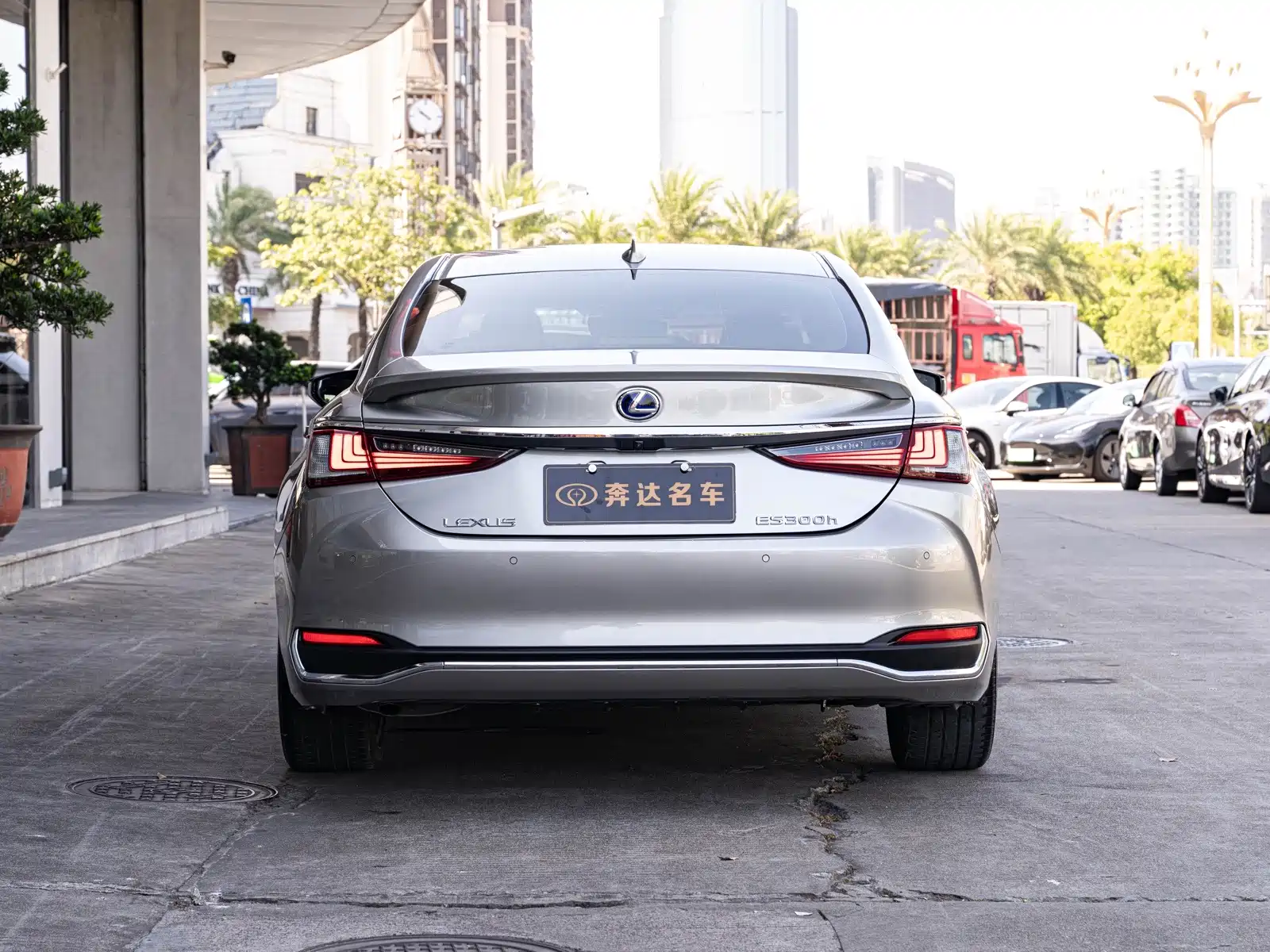 Photo 5 - Lexus ES
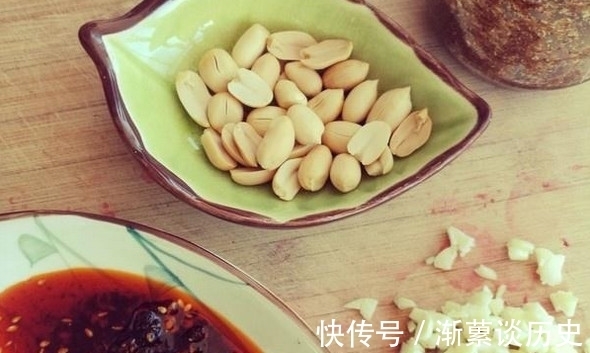 桃园三结义|什么?在家也可以做出麻辣鲜香的网红酸辣粉,赶紧学习起来!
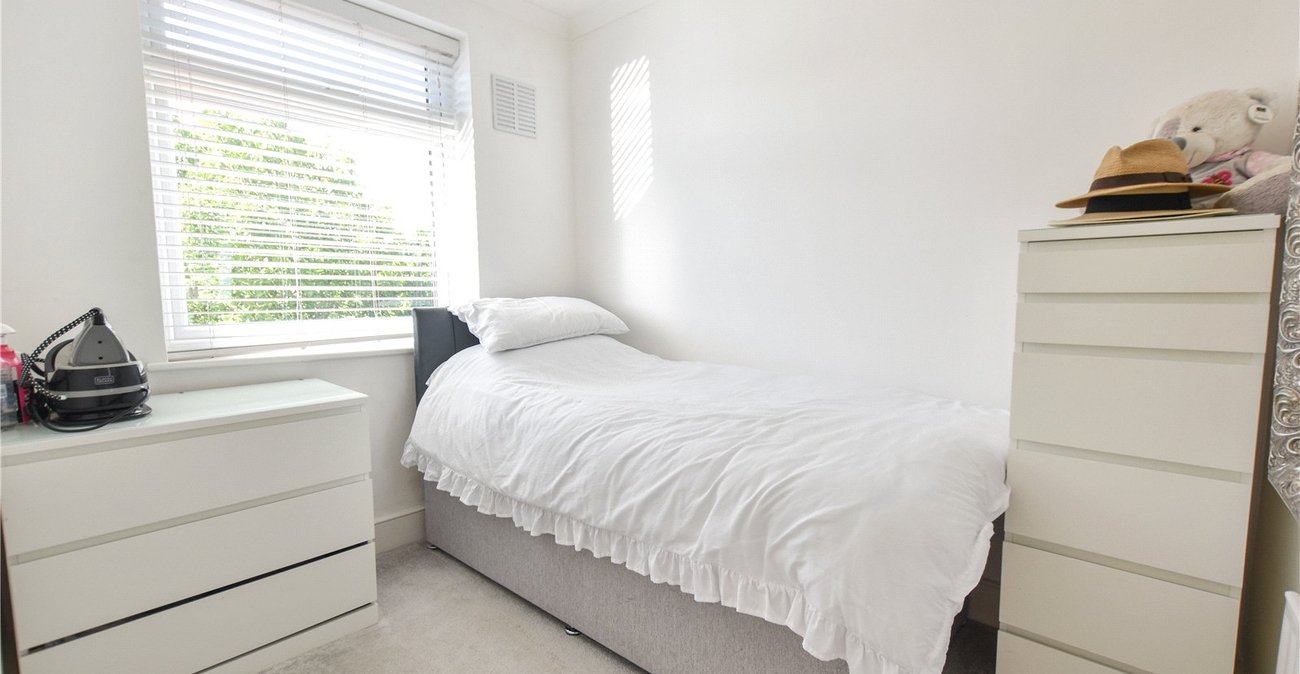 2 bedroom house for sale in Bexley | Robinson Jackson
# # # # # # #
Task instructions: Each of the lines above should be transcribed exactly; no image is to be copied.

Answer to the exercise:
 Photo 5 - Lexus ES
 桃园三结义|什么?在家也可以做出麻辣鲜香的网红酸辣粉,赶紧学习起来!
 2 bedroom house for sale in Bexley | Robinson Jackson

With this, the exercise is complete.